I'll update the description to make this clear on the next spin!
(side-note: here is another irritating issue with GUP, we don't suffix with
_locked() consistently)
On Mon, Apr 17, 2023 at 11:15:10AM -0300, Jason Gunthorpe wrote:
> On Mon, Apr 17, 2023 at 03:00:16PM +0100, Lorenzo Stoakes wrote:
> > On Mon, Apr 17, 2023 at 10:26:09AM -0300, Jason Gunthorpe wrote:
> > > On Mon, Apr 17, 2023 at 02:19:16PM +0100, Lorenzo Stoakes wrote:
> > >
> > > > > I'd rather see something like FOLL_ALLOW_BROKEN_FILE_MAPPINGS than
> > > > > io_uring open coding this kind of stuff.
> > > > >
> > > >
> > > > How would the semantics of this work? What is broken? It is a little
> > > > frustrating that we have FOLL_ANON but hugetlb as an outlying case, adding
> > > > FOLL_ANON_OR_HUGETLB was another consideration...
> > >
> > > It says "historically this user has accepted file backed pages and we
> > > we think there may actually be users doing that, so don't break the
> > > uABI"
> >
> > Having written a bunch here I suddenly realised that you probably mean for
> > this flag to NOT be applied to the io_uring code and thus have it enforce
> > the 'anonymous or hugetlb' check by default?
>
> Yes
>
> > So you mean to disallow file-backed page pinning as a whole unless this
> > flag is specified?
>
> Yes
>
> > For FOLL_GET I can see that access to the underlying
> > data is dangerous as the memory may get reclaimed or migrated, but surely
> > DMA-pinned memory (as is the case here) is safe?
>
> No, it is all broken, read-only access is safe.
>
> We are trying to get a point where pin access will interact properly
> with the filesystem, but it isn't done yet.
>
> > Or is this a product more so of some kernel process accessing file-backed
> > pages for a file system which expects write-notify semantics and doesn't
> > get them in this case, which could indeed be horribly broken.
>
> Yes, broadly
>
> > I am definitely in favour of cutting things down if possible, and very much
> > prefer the use of uaccess if we are able to do so rather than GUP.
> >
> > I do feel that GUP should be focused purely on pinning memory rather than
> > manipulating it (whether read or write) so I agree with this sentiment.
>
> Yes, someone needs to be brave enough to go and try to adjust these
> old places :)
Well, I liek to think of myself as stupid^W brave enough to do such things
so may try a separate patch series on that :)
>
> I see in the git history this was added to solve CVE-2018-1120 - eg
> FUSE can hold off fault-in indefinitely. So the flag is really badly
> misnamed - it is "FOLL_DONT_BLOCK_ON_USERSPACE" and anon memory is a
> simple, but overly narrow, way to get that property.
>
> If it is changed to use kthread_use_mm() it needs a VMA based check
> for the same idea.
>
> Jason
I'll try my hand at patching this also!
As for FOLL_ALLOW_BROKEN_FILE_MAPPINGS, I do really like this idea, and
think it is actually probably quite important we do it, however this feels
a bit out of scope for this patch series.

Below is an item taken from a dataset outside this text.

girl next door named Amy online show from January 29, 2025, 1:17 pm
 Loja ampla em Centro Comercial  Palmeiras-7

I think perhaps the way forward is, if Jens and Pavel don't have any issue
with it, we open code the check and drop FOLL_SAME_FILE for this series,
then introduce it in a separate one + replace the open coding there?

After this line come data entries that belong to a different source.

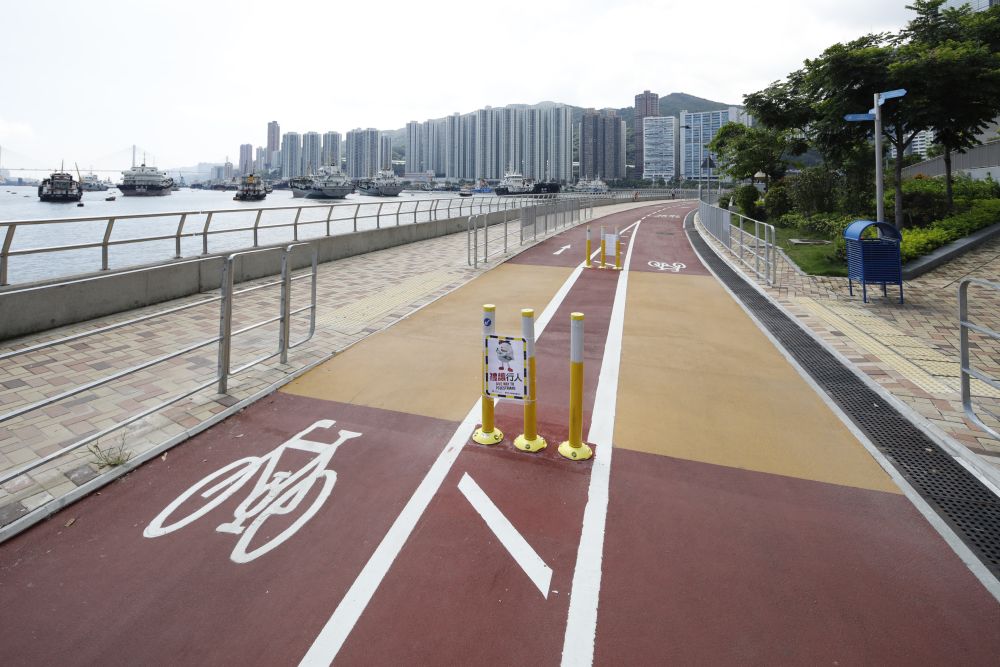 土拓署在单车径上适当加设行人过路处（图中黄色位置），保持海滨的通达性。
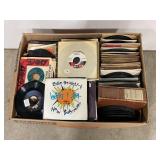 LARGE LOT OF 33 RPM AND 45 RPM VINTAGE RECORDS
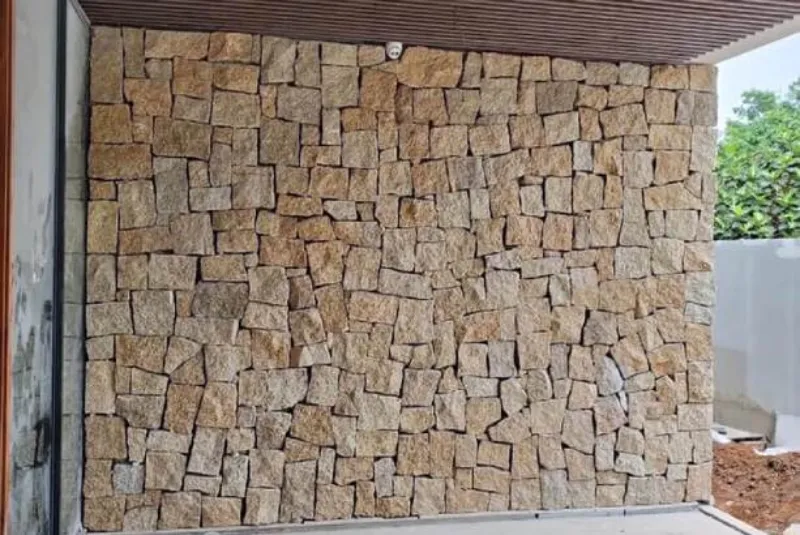 Đá tự nhiên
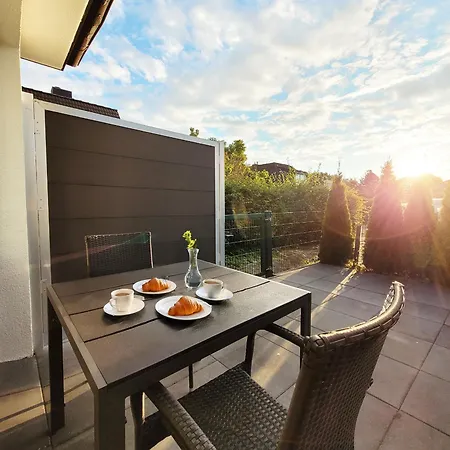 Moderne 1 Mit Sonnenterrasse Und Parkplatz, In Ruhiger Lage, Nur Wenige Gehminuten Zum Ostsee Sandstrand Appartamento *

I am eager to try to keep this focused on the specific task of dropping the
vmas parameter as I think FOLL_ALLOW_BROKEN_FILE_MAPPINGS is likely to
garner some discussion which should be kept separate.

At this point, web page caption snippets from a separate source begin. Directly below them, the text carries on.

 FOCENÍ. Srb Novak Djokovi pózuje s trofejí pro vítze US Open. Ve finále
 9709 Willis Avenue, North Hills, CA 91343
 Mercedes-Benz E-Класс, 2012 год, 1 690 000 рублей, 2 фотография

Lorenzo Stoakes <[email protected]> writes:
> On Mon, Apr 17, 2023 at 10:16:28AM -0300, Jason Gunthorpe wrote:
>> On Mon, Apr 17, 2023 at 02:13:39PM +0100, Lorenzo Stoakes wrote:
>> > On Mon, Apr 17, 2023 at 10:09:36AM -0300, Jason Gunthorpe wrote:
>> > > On Sat, Apr 15, 2023 at 12:27:31AM +0100, Lorenzo Stoakes wrote:
>> > > > The only instances of get_user_pages_remote() invocations which used the
>> > > > vmas parameter were for a single page which can instead simply look up the
>> > > > VMA directly. In particular:-
>> > > >
>> > > > - __update_ref_ctr() looked up the VMA but did nothing with it so we simply
>> > > > remove it.
>> > > >
>> > > > - __access_remote_vm() was already using vma_lookup() when the original
>> > > > lookup failed so by doing the lookup directly this also de-duplicates the
>> > > > code.
>> > > >
>> > > > This forms part of a broader set of patches intended to eliminate the vmas
>> > > > parameter altogether.
>> > > >
>> > > > Signed-off-by: Lorenzo Stoakes <[email protected]>
>> > > > ---
>> > > > arch/arm64/kernel/mte.c | 5 +++--
>> > > > arch/s390/kvm/interrupt.c | 2 +-
>> > > > fs/exec.c | 2 +-
>> > > > include/linux/mm.h | 2 +-
>> > > > kernel/events/uprobes.c | 10 +++++-----
>> > > > mm/gup.c | 12 ++++--------
>> > > > mm/memory.c | 9 +++++----
>> > > > mm/rmap.c | 2 +-
>> > > > security/tomoyo/domain.c | 2 +-
>> > > > virt/kvm/async_pf.c | 3 +--
>> > > > 10 files changed, 23 insertions(+), 26 deletions(-)
>> > > >
>> > > > diff --git a/arch/arm64/kernel/mte.c b/arch/arm64/kernel/mte.c
>> > > > index f5bcb0dc6267..74d8d4007dec 100644
>> > > > --- a/arch/arm64/kernel/mte.c
>> > > > +++ b/arch/arm64/kernel/mte.c
>> > > > @@ -437,8 +437,9 @@ static int __access_remote_tags(struct mm_struct *mm, unsigned long addr,
>> > > > struct page *page = NULL;
>> > > >
>> > > > ret = get_user_pages_remote(mm, addr, 1, gup_flags, &page,
>> > > > - &vma, NULL);
>> > > > - if (ret <= 0)
>> > > > + NULL);
>> > > > + vma = vma_lookup(mm, addr);
>> > > > + if (ret <= 0 || !vma)
>> > > > break;
>> > >
>> > > Given the slightly tricky error handling, it would make sense to turn
>> > > this pattern into a helper function:
>> > >
>> > > page = get_single_user_page_locked(mm, addr, gup_flags, &vma);
>> > > if (IS_ERR(page))
>> > > [..]
>> > >
>> > > static inline struct page *get_single_user_page_locked(struct mm_struct *mm,
>> > > unsigned long addr, int gup_flags, struct vm_area_struct **vma)
>> > > {
>> > > struct page *page;
>> > > int ret;
>> > >
>> > > ret = get_user_pages_remote(*mm, addr, 1, gup_flags, &page, NULL, NULL);
>> > > if (ret < 0)
>> > > return ERR_PTR(ret);
>> > > if (WARN_ON(ret == 0))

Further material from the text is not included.